My Boys Will be Boob Men

Every now and then I get sucked into these online arguments over a woman's right to breastfeed in public.  It really amazes me that in this day and age this sort of thing is an issue.  I just don't understand how people could be so closed minded about this, it's a woman feeding her child, that's it.  If it is seen as anything else, that's YOUR problem.

My friend Scott down in Georgia has been championing women's rights for some time.  I first came in contact with him when the whole Forest Park, Georgia breastfeeding ban was being proposed.  He was adamant that day and he has not let up since on his stance that women should be allowed to breastfeed their children pretty much anywhere that they need to.

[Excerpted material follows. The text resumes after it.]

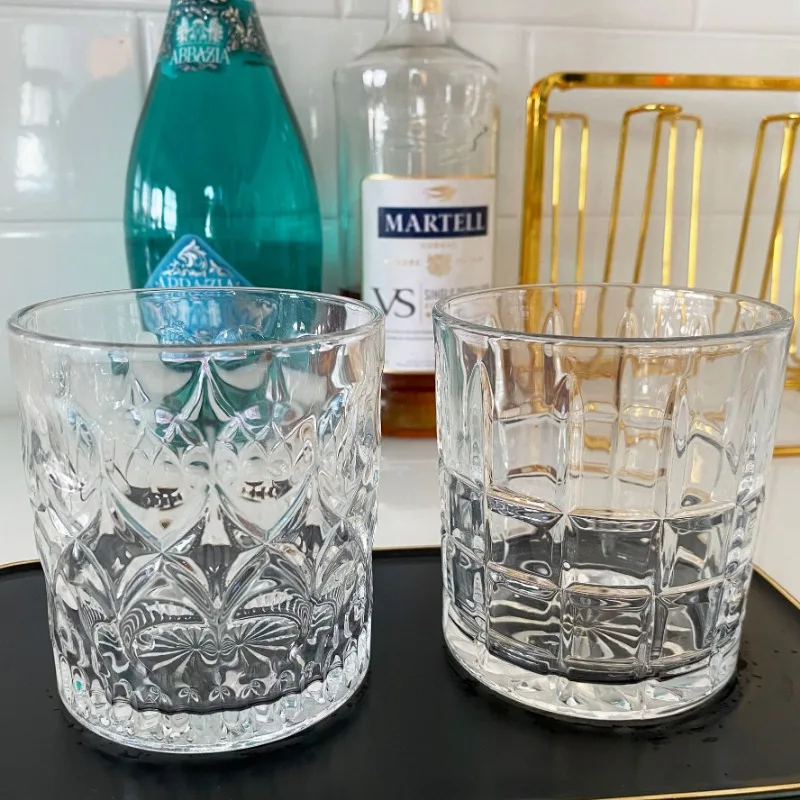 210ml/330ml Crystal Glass Wine Cup, Household Beer Glass, Transparent Relief Glass Water Glass, Wine Ware, Whiskey Glass Cup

Well it hasn't stopped since, it seems not a day goes by that I don't see a tweet from him slamming someone that has said something stupid about a woman breastfeeding.  I'll give you an example of the idiocy that goes on in this world; these are actual tweets from real people:


Yeah really!

It seems that her child was hungry, how dare he want to eat something.  If you were to follow this particular idiots twitter stream she went on to say that public bathrooms are there for a reason, and that the mom should use it to feed her child.

My response?

I think that if this moron is so offended, she should get up and go eat her popcorn in the comfort of the theater's bathroom.  I mean how stupid could she be?  Why on Earth should ANYONE be forced to sit on a toilet and feed their child.  I will say it again, that mother is feeding her child, just like anyone else that feeds their children chicken nuggets or pizza.  If you have such a problem with it, MOVE.  I am sure that mother would be more than happy to not have your stupid ass sitting next to her anyway.


Now it doesn't stop with movie theaters, you can find people everywhere that have an issue with breastfeeding.  I am sure in this case the mother didn't want to be feeding her child in church but when they're hungry they're hungry.  It's not unlike my boys who constantly ask for snacks and won't stop begging me until I give in.  I would ask this person if they would have an issue with me offering my child a cheese stick in church. There really is no difference.  I am satisfying my child's need to feed.  How dare I do such a thing? Another issue I have with this is, what the hell are you doing tweeting in church?  Shut your phone off and get to the business at hand.  I am sure there are more people upset with you interrupting Gods work by tweeting on your phone, than are upset about the bond between a mother and child.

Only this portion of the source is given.